Smithsonite: A Mineral Named for James Smithson

March 12, 2025
A specimen of Smithsonite

Pictured above is smithsonite, a zinc carbonate mineral that was named after James Smithson (c. 1765–1829), a British chemist, mineralogist, and the founding donor of the Smithsonian Institution.

Smithson became interested in the natural sciences during a period when chemistry was developing into a new science in the late 1700s. He focused on discovering the basic elements, and he collected mineral and ore samples from European countries.

Smithson was one of the first researchers to systematically categorize calamine—or zinc as it was later called. In 1832, three years after Smithson’s death, French mineralogist François Sulpice Beudant named the zinc carbonate mineral smithsonite after Smithson.

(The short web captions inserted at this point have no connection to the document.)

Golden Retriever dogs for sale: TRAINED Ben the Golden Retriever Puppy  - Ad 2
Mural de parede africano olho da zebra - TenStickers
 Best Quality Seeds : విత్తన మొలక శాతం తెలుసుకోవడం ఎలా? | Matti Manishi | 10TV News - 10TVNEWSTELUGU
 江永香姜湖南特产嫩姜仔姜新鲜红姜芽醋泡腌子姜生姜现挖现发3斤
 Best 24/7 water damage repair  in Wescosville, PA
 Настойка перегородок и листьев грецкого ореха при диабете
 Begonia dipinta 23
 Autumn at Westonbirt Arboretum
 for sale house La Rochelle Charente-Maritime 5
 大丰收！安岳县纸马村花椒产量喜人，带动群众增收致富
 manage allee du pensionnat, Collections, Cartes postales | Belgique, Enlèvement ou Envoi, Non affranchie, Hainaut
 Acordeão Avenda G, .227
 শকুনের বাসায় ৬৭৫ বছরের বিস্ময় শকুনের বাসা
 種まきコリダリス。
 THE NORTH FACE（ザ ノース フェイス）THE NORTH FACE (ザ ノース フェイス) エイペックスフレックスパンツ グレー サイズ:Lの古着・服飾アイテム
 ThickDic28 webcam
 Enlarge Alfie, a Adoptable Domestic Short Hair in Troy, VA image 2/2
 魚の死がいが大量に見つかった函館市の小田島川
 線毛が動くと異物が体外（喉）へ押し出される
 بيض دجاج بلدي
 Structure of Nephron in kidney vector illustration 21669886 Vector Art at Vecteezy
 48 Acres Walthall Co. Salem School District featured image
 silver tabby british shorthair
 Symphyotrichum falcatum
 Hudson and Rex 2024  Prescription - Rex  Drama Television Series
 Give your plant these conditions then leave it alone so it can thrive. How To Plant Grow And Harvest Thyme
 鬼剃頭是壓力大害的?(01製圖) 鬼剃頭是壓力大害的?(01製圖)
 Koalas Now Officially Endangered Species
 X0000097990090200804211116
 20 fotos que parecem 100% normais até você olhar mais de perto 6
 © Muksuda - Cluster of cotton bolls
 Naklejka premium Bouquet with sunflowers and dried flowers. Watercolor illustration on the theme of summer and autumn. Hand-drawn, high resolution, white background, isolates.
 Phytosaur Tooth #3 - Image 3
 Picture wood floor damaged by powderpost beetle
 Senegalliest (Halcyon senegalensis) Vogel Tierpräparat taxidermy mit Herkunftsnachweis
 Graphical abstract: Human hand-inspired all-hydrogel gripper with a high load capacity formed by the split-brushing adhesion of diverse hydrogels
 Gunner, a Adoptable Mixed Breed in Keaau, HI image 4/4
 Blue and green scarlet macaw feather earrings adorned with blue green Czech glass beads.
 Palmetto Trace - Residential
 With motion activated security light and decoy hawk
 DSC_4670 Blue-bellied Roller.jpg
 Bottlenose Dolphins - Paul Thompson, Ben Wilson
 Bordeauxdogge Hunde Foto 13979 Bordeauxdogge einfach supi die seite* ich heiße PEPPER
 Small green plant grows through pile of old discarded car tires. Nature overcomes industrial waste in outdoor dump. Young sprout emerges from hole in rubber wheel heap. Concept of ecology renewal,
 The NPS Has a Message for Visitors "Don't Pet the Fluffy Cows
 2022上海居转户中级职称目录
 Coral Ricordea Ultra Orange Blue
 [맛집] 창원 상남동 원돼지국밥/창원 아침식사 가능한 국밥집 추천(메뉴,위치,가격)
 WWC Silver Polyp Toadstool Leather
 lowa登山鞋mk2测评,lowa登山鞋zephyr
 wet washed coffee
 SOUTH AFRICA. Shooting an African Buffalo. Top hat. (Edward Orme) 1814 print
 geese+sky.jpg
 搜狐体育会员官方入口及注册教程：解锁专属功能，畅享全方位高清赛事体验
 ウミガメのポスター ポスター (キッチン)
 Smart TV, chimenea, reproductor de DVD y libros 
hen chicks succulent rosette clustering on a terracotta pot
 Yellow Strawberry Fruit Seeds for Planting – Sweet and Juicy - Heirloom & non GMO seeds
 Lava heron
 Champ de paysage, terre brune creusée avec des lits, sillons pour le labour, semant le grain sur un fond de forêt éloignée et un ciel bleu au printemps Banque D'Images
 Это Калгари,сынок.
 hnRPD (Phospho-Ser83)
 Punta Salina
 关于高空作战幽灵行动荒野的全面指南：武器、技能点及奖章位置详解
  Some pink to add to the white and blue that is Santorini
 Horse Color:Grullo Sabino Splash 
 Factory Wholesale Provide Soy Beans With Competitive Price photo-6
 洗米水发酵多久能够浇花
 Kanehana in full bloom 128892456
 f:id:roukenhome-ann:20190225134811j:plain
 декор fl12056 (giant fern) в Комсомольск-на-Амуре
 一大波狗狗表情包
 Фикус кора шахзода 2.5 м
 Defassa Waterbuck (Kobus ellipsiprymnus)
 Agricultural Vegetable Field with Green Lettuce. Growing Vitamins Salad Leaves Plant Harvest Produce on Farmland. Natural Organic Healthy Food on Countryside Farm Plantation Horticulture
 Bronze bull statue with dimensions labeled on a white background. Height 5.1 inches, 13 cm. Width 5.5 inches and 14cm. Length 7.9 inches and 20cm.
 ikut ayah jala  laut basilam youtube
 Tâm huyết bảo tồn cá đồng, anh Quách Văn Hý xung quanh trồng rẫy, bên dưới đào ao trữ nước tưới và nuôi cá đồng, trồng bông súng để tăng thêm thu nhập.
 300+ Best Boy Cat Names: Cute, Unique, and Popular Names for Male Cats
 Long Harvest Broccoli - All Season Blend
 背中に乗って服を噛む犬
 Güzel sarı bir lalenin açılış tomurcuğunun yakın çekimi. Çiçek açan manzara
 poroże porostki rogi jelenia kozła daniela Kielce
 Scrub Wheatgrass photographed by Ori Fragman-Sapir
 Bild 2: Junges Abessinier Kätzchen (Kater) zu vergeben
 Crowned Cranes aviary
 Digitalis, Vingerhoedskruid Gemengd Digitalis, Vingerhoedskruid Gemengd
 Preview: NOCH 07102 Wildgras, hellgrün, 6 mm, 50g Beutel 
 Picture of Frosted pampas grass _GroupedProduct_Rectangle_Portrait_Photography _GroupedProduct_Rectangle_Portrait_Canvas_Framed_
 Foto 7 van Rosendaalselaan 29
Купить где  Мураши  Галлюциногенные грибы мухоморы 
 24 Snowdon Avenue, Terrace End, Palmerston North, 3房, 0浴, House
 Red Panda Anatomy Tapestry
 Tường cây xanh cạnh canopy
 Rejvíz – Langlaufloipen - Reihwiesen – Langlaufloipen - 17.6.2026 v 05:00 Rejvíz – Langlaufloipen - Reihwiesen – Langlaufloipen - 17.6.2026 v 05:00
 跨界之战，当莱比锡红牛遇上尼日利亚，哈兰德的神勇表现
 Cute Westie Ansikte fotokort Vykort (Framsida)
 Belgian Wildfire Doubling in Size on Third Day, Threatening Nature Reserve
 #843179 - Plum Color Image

The Smithsonian’s National Museum of Natural History holds many smithsonite specimens from all over the world. The smithsonite specimen above is from New Mexico’s Kelly Mine, a deposit famed for producing exhibit-quality slabs of bright blue smithsonite. Smithsonite comes in a variety of colors, including greens, purplish pinks and yellows.

Smithson never set foot in the U.S., and it does not appear he corresponded with anyone in the country, so his motive to leave his estate “to the United States of America, to found at Washington, under the name of the Smithsonian Institution, an establishment for the increase and diffusion of knowledge” remains a mystery.